Landing a Data Science Gig in New York City
Trying to break into the NYC data science job market? Sans a PhD? This guide was tailor-made for you.-Ground Truth
R for Journalists
This site is a great launch pad for anyone who's new to R, journalist or not. Each post provides step-by-step instructions and code for making a visualization with data about a current event.-R for Journalists
R Studio Community
R Studio recently opened up a forum. It's a great place to hang out with other R users, talk with R package developers during open office hours, or ask newbie questions if you're intimidated by Stack Overflow.-R Studio
Fast GeoSpatial Analysis in Python
If you get frustrated by the sluggishness of Python's GeoSpatial stack, check out this experiment. Combining Cython, Dask, and GeoPandas sped up the mapping of 120 million geospatial data points by 30x.-Matthew Rocklin
Becoming a 10x Data Scientist
Whether or not you believe 10x developers exist, data scientists can learn a ton from seasoned developers who are considered incredibly prolific and proficient.-Algorithmia
Practical Data Science for Stats
Many aspects of day-to-day analytics work are missing from the conventional statistics literature and curriculum.
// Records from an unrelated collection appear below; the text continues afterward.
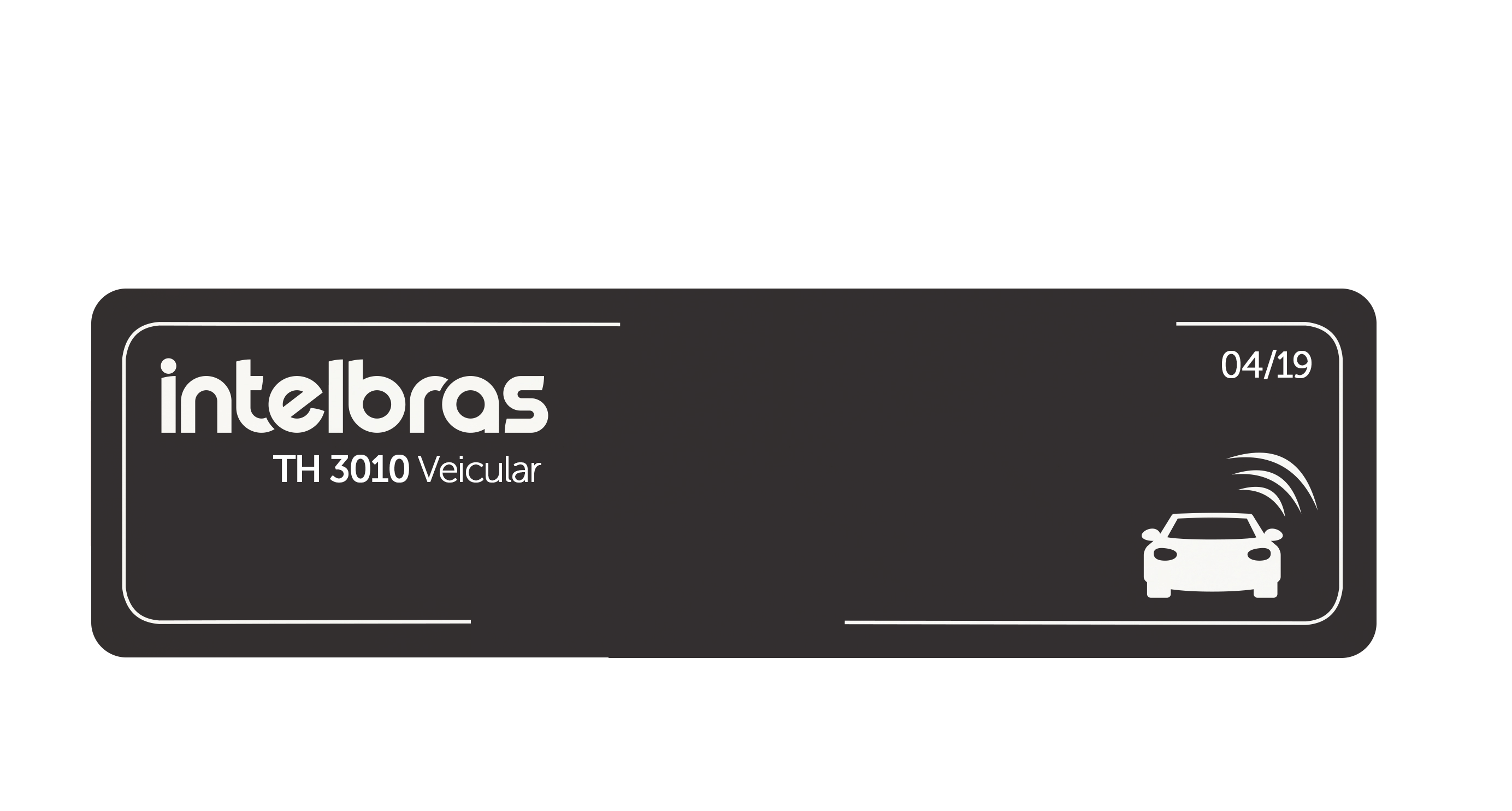 ETIQUETA DE PROXIMIDADE RFID 900MHZ TH 3010 VEICULAR - INTELBRAS*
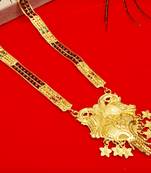 Multicolor cubic zirconia mangalsutra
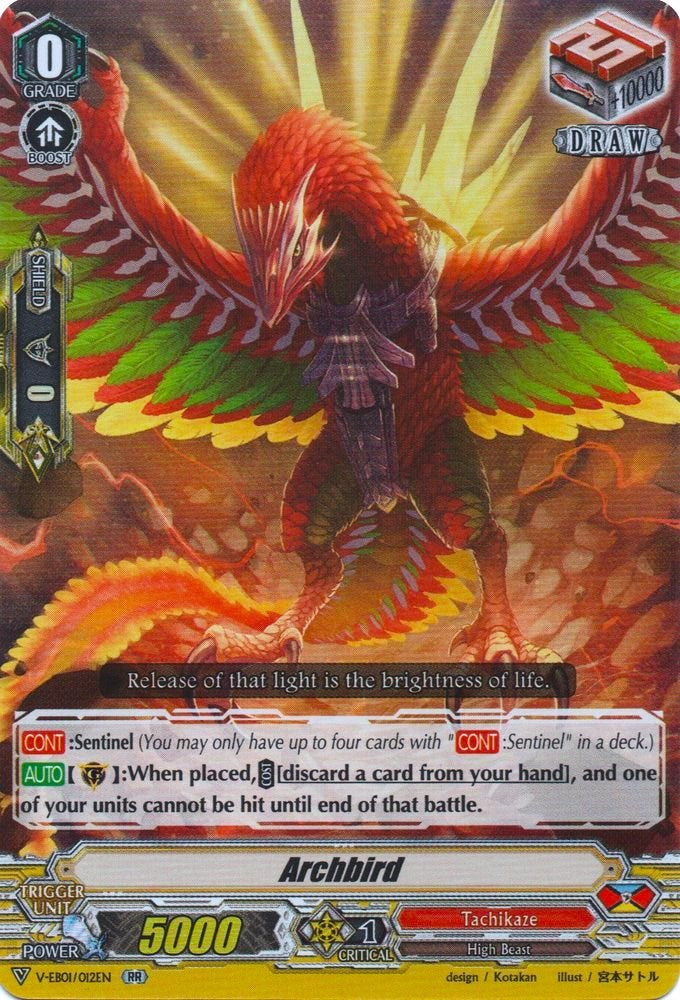 Archbird (V-EB01/012EN) [The Destructive Roar] | Pegasus Games WI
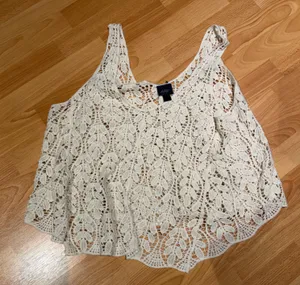 Daytrip Cream Lace Tank Top thumbnail 1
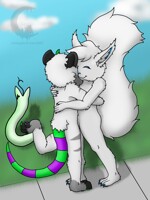 [Squirrel] Huuugs by MidnightArtCat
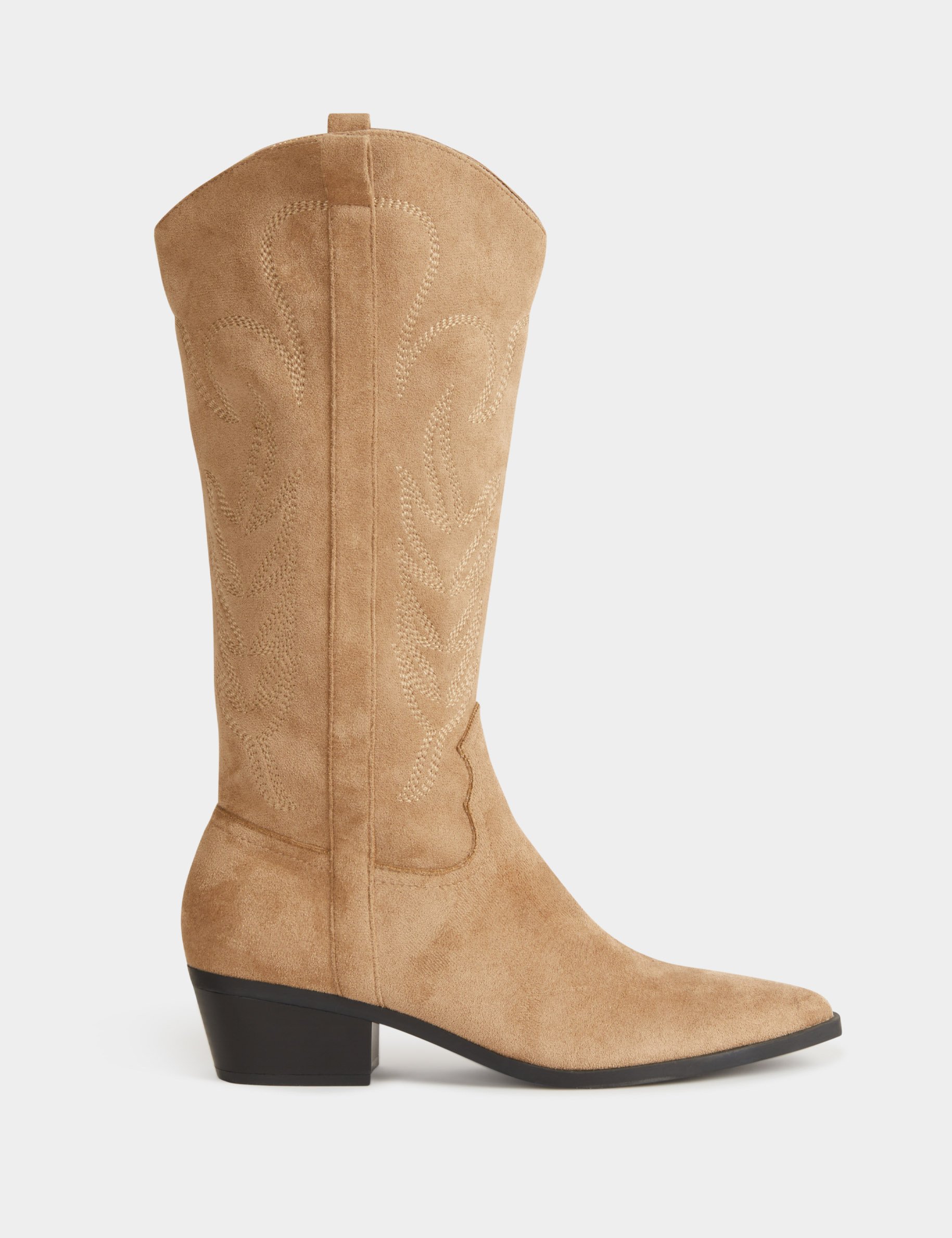 bottines western a talons sable femme Bottines western à talons sable femme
This bookmark-worthy collection aims to solve that problem, with tons of preprints on modern analytical workflows.-PeerJ
Python Cheat Sheet for Data Science: Intermediate
A handy reference for Pythonistas who have been around the block a few times.-Dataquest
Buggy Python Code: The 10 Most Common Mistakes That Python Developers Make
This list ain’t for rookies. Here are some of the subtle, harder-to-catch errors that have even advanced Python users tearing their hair out.-Toptal
Giving Your First Data Science Talk
Here’s why you should consider giving a talk and how to prep. Our favorite insight: your audience is the you from six months (or one year or five years) ago. -Hooked on Data
Using optaplanner to plan water supplies
Does your job involve a lot of resource planning? Learn how to use OptaPlanner—an open-source constraint satisfaction solver—in the most Silicon Valley way possible: planning out water logistics for Burning Man.-Richard Weiss
Craft Your Python Like Poetry
The Python style guide PEP 8 specifies line length at 79 characters, but that doesn't mean you should wrap lines when they hit an arbitrary length. If you need to sharpen your poetic sensibilities, these code examples will teach you how to write readable, beautiful Python.-Trey Hunner
I have data. I need insights. Where do I start?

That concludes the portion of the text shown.